If you enjoy the company of houseplants, consider cultivating a window garden, which is ideal for showing off plants in the winter.
Creating a window garden is easy and adds some hygge to your home—you need only to extend the existing sill and then mount on the window frame, glass shelves, brackets (if you want them), and lengths of wire (for training vines).
In my window garden, I think it is essential to change the plants to reflect the seasons. Want to take a look? There are many various window gardens one can create in their own home.
It’s no trouble to outfit a bay window with glass shelves and brackets. Extending the sill, however, will likely require the skill of a carpenter. For a bay window, sheets of heavy plywood can be used to form a broad surface for plants. In January, this window affords copious quarters for geraniums of all kinds, pansies, amaryllis, blue hydrangeas, and vines. On the brackets are rose-scented geraniums, so you can literally wake up and smell the roses.
Let’s take a look at some easy tips for starting your first garden.
The Sill
When you think of most window gardens you think of them by the window sill. If an ordinary window is to become a “Still Life with Plants,” it must first be outfitted for a multi-level display of pots. The sill is the most logical place to start.
Most windowsills are pathetically narrow. The most straightforward answer to a narrow sill is a foot-wide board or wooden shelf, fastened on a level with the sill as an extension. Paint or stain the board to match your window’s existing trim.
Or you can use an attractive piece of furniture that matches the height of the existing sill – as an idea, a bookcase makes a broad surface for plants.
Glass Shelves
For me, a window garden confined to the windowsill alone feels inadequate—a natural window garden must be a complete horticultural portrait. Consequently, vertical elements are necessary to generate eye movement. And here, gleaming glass shelves come to the rescue.
Three shelves are generally adequate for the average window. Align one stand with the latch ledge above the windowsill and another at the two’s midway point. Position the third shelf at an equal distance above the latch ledge.
I should probably mention that heavy, tempered glass is costly—often $100.00 per shelf. But you can ask your glass cutter to make shelves from half-inch-thick salvage glass. One can easily get these shelves for about $10.00 each, and non-tempered glass is acceptable.

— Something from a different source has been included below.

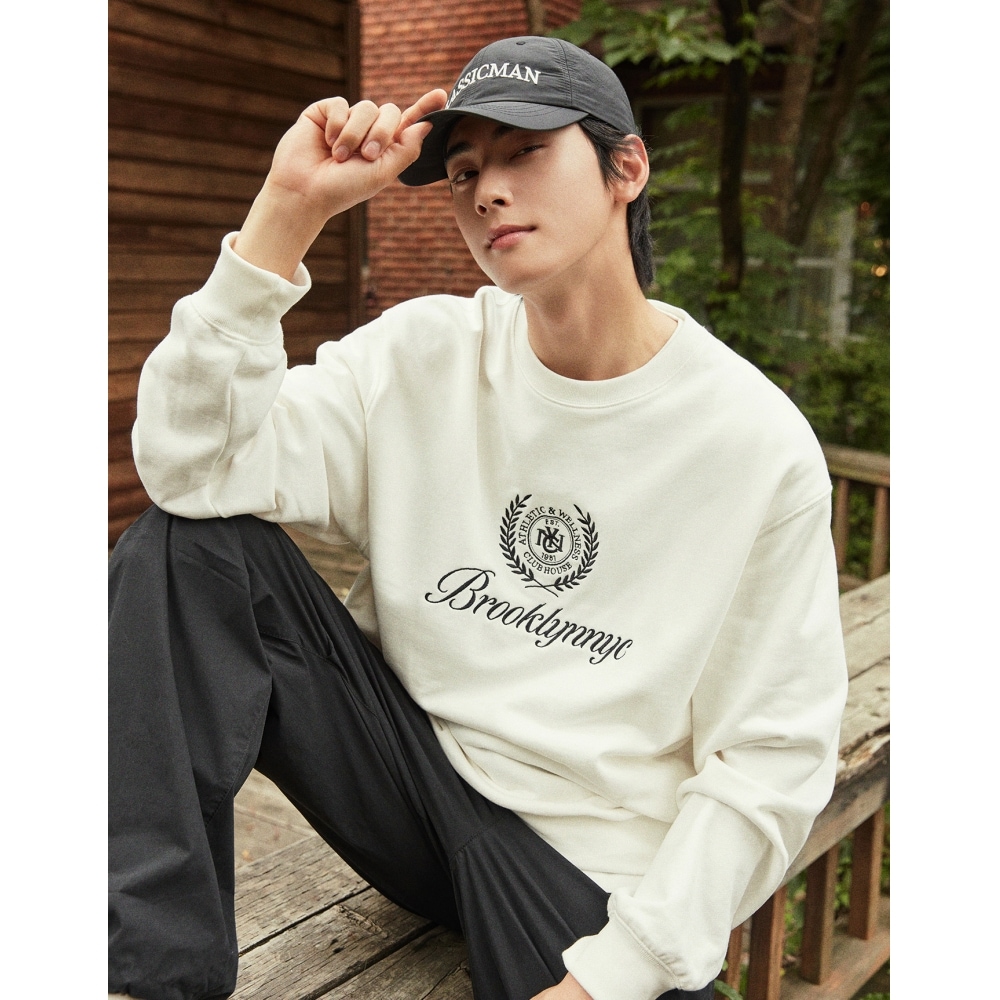 GIORDANO 023921テリークルーネックプリントマンツーマン_9color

Most of my shelves are 10-inches deep. They are held in place with 10-inch scrolled shelf supports.
You can find both new and salvage glass from your local glass-cutting shop. Shelf supports are available at any hardware store.
Brackets
Brackets are mounted to the window frame, making useful accessories for holding trailing or spreading plants that require a “perch” of some sort. I favor old, cast-iron kerosene lamp holders to support my holiday cacti, cascading petunias, and sprawling scented geraniums. (I buy my lamp brackets on eBay!)
Change with the seasons
One enjoyable aspect of a window garden is that it can be redesigned on a whim. I tend to change mine with the seasons or the window to feature a particular theme.
For Thanksgiving one year, I composed the garden in my upstairs bathroom almost exclusively with plants from East Africa. This included standard, miniature, and trailing Saintpaulias, which adorned the sill and shelves. Tolmiea menziesii (left), the fascinating “piggyback plant,” and a pink double impatiens (right) survey the world from brackets.
Natural Window Frames
The window garden, like any artwork, deserves a suitable frame. Here, I threaded a string or wire length through 2-inch staples attached to three sides of the window trim. The wire serves as a guide for the long strands of philodendron.
Winter Window Gardens
In December, the window garden is holiday-themed, with red poinsettias, narcissi in a bowl, and pink and rose cyclamens.
In snow-cloaked February, the window garden offers a preview of spring when fragrant hyacinths make their appearance in a setting that includes miniature roses, azaleas, and crocus. (I plant hyacinth, crocus, and other Dutch bulbs in early October for February bloom—here’s my guide about How to Force Bulbs.)
Curtains
If you have curtains in your window, and you can’t bear to remove them for the enjoyment of vines, consider these hangings as a frame for your garden in the house.
Here, I made a windowsill from foot-wide boards that I stained to match the existing trim and that I then cut with a jigsaw to fit the bay. Pink hydrangeas, a white petunia, African violets, dwarf geraniums, and fragrant Jasminum polyanthum flourish in the flood of winter sunshine this south-facing exposure admits.
Take Root
A window garden is neither expensive nor difficult to make, but the beauty it provides a room—especially in winter—is priceless. It’s pretty easy to make a garden both inside and out.